They will not bring an Alastair Campbell type of media overseer as Clive Woodward did with such disastrous effect on his ill-fated Lions tour to New Zealand in 2005. But the 2013 Lions will be on the front foot in dealing with the sports and mainstream media in Australia.
Farrell pointed out how the Kangaroos talked themselves up until the opposition began to think that assessment was correct. In reality they were often no better than other top league sides.
That sort of pattern would emerge, the Lions felt, during their tour and three-test series of Australia.

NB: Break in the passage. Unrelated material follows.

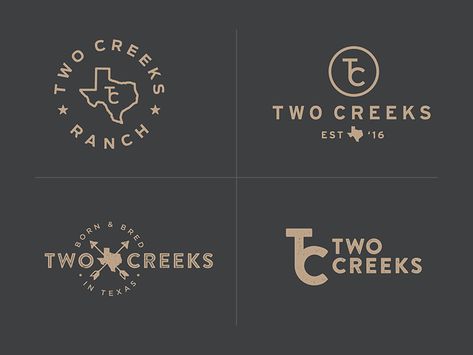 Two Creeks Ranch Logo Rd 1 Texas Logo, Western Logo, Ranch Logo, Doctor Logos, Farm Logo Design, Cattle Brands, Cattle Ranching, Farm Logo, Logo Project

The Lions were also aware of the whinging reputation Northern Hemisphere teams carried. That had to stop, they just had to get on with the rugby.
Gatland should be well versed about media machinations anyway after spending most of his rugby coaching career in Europe. He also had a long playing career as a hooker with Waikato and the All Blacks and knows what it is like to play against the Lions as he did in 1993 when he scored in Waikato's thumping win.
Gatland follows Graham Henry as a Kiwi coach of the Lions and spoke to the former All Black supremo about those challenges late last year.
"He was very honest about his trip in 2001 and what he learned but the situations were very different. Graham had only been in the UK a few years and I have been here a lot longer," Gatland said. "He learned a lot about himself and from that sort of adversity and disappointment your biggest curve is how you respond."
The 49-year-old Gatland also intends speaking to several Super 15 coaches about the Wallaby rugby scene and their players as the test series approaches.
When the Lions last toured in 2001, the Brumbies won the Super rugby title and that drive for test places was showing through once more this year in the Australian conference.
Gatland was an assistant on the Lions tour to South Africa in 2009 when they all felt a huge responsibility to restore the group's reputation after the ill-tempered previous trip to New Zealand.
"These tours are the only real tours left now and they are worth protecting," Gatland said. "We have a 125-year history and beyond that it generates an enormous amount of money for our hosts. The ARU will make a colossal amount and if we are going to continue to do that and encourage this sort of trip, then we have to negotiate a proper sort of window."
The Lions want to engage with the communities, hold open trainings and embrace the traditional tour values like sharing rooms. They would have a large travelling fan base under a united flag and purpose to make the tour a success and the Lions were determined to give them reason to applaud.